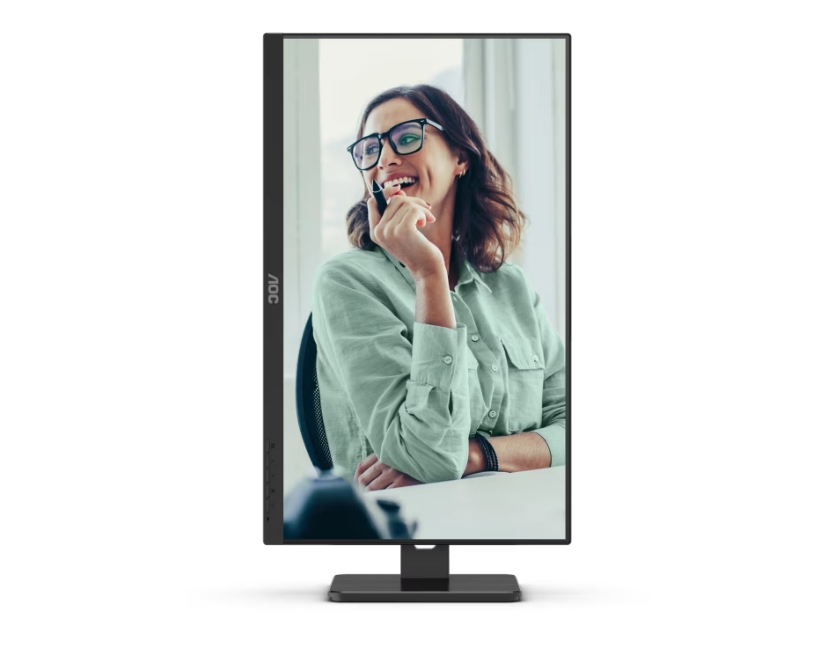 monitor-aoc-q27p3cv-27-ips-wled-2560x1440100hz-aoc-q27p3cv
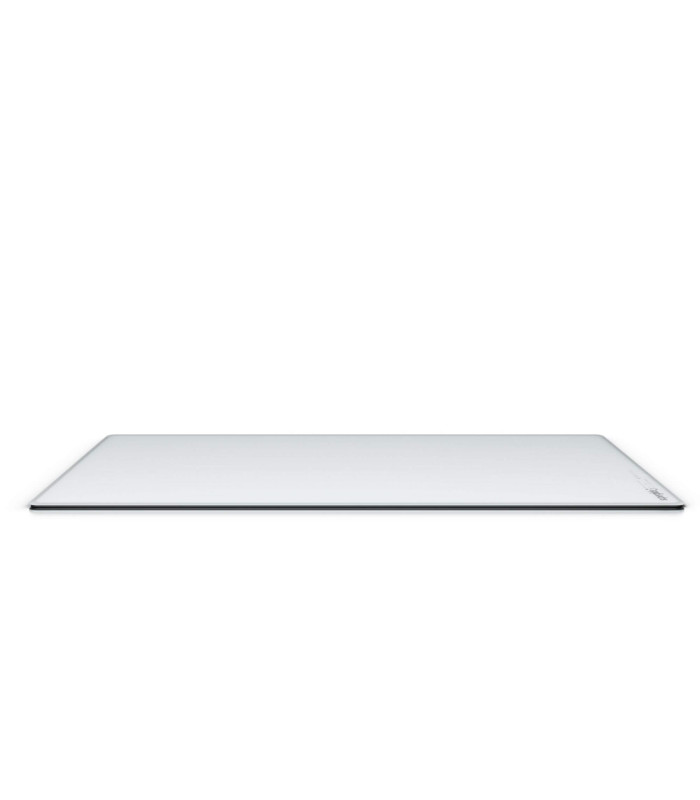 Superglide Pad 3 M White Type S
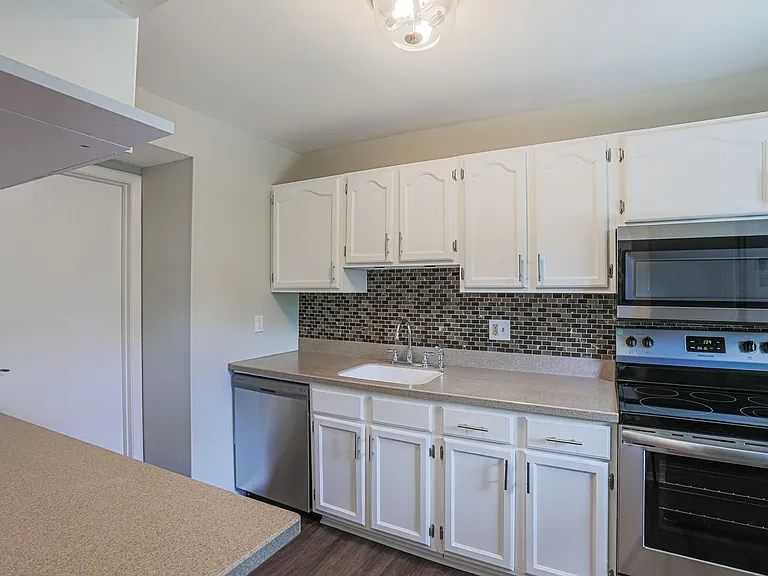 11 Pawleys Ct — Photo 21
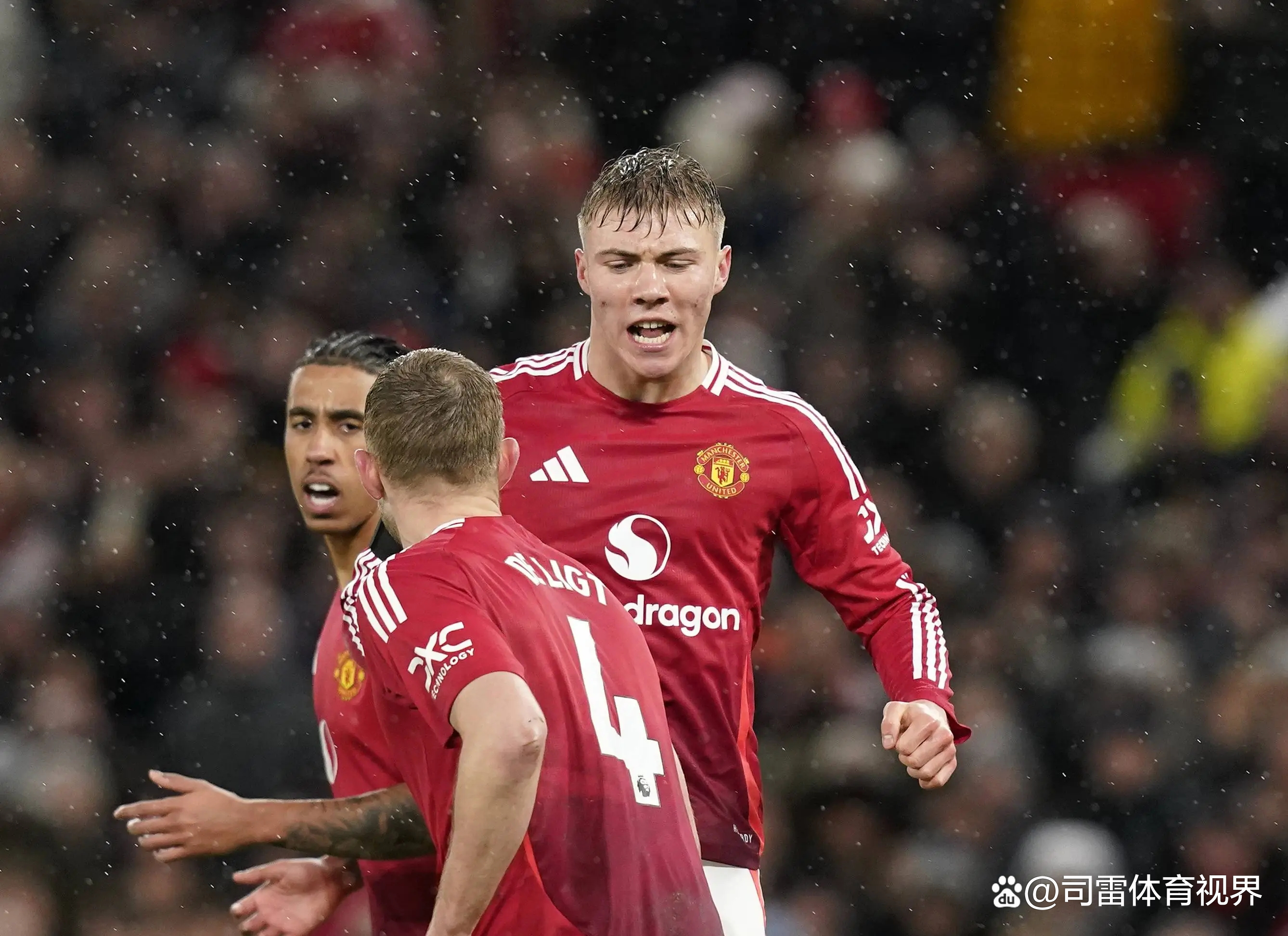 窗口期突围战来临,曼联围绕葡超扳平良机,媒体盛赞,训练强度明显提升(如何评价曼联) 窗口期突围战来临,曼联围绕葡超扳平良机,媒体盛赞,训练强度明显提升(如何评价曼联)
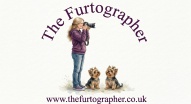 thefurtographer.co.uk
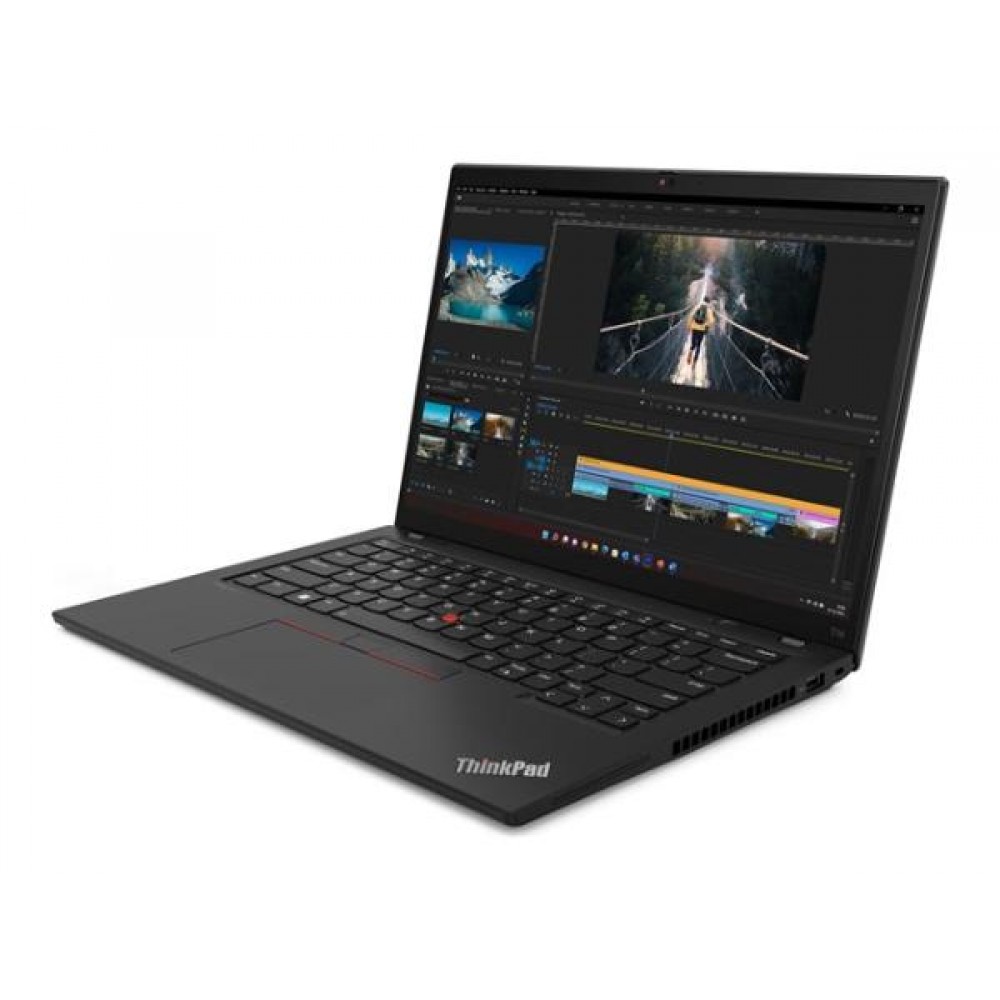 Lenovo T14 G6 U5 225U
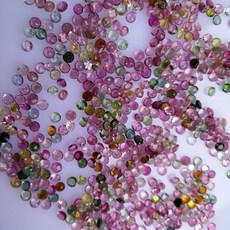 수원반지만들기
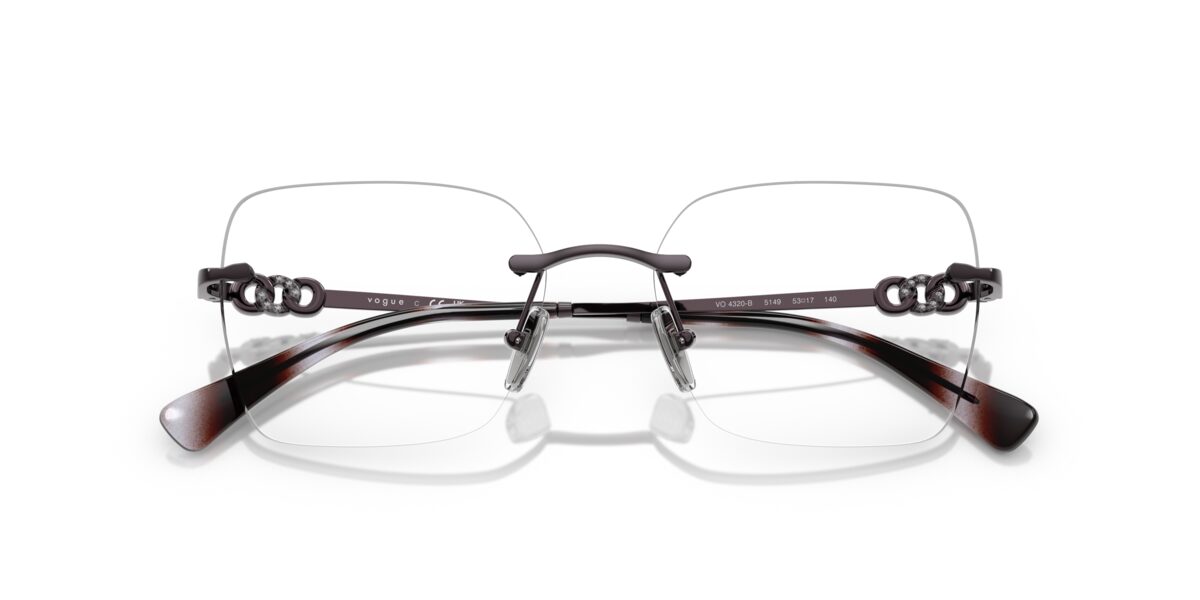 Vogue Eyewear VO4320B 5149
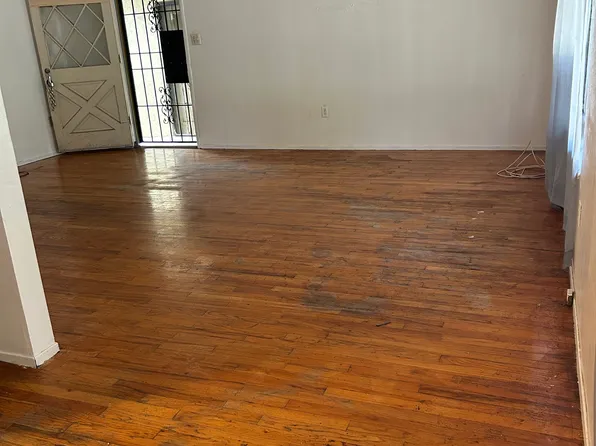 6415 N Alturas Ave, Stockton, CA 95207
○ ○ ○ ○
* _Exercise aim_: All of the data must be set down exactly, with no pictures included.

* _Solution for this problem_:
 monitor-aoc-q27p3cv-27-ips-wled-2560x1440100hz-aoc-q27p3cv
 Superglide Pad 3 M White Type S
 11 Pawleys Ct — Photo 21
 窗口期突围战来临,曼联围绕葡超扳平良机,媒体盛赞,训练强度明显提升(如何评价曼联) 窗口期突围战来临,曼联围绕葡超扳平良机,媒体盛赞,训练强度明显提升(如何评价曼联)
 thefurtographer.co.uk
 Lenovo T14 G6 U5 225U
 수원반지만들기
 Vogue Eyewear VO4320B 5149
 6415 N Alturas Ave, Stockton, CA 95207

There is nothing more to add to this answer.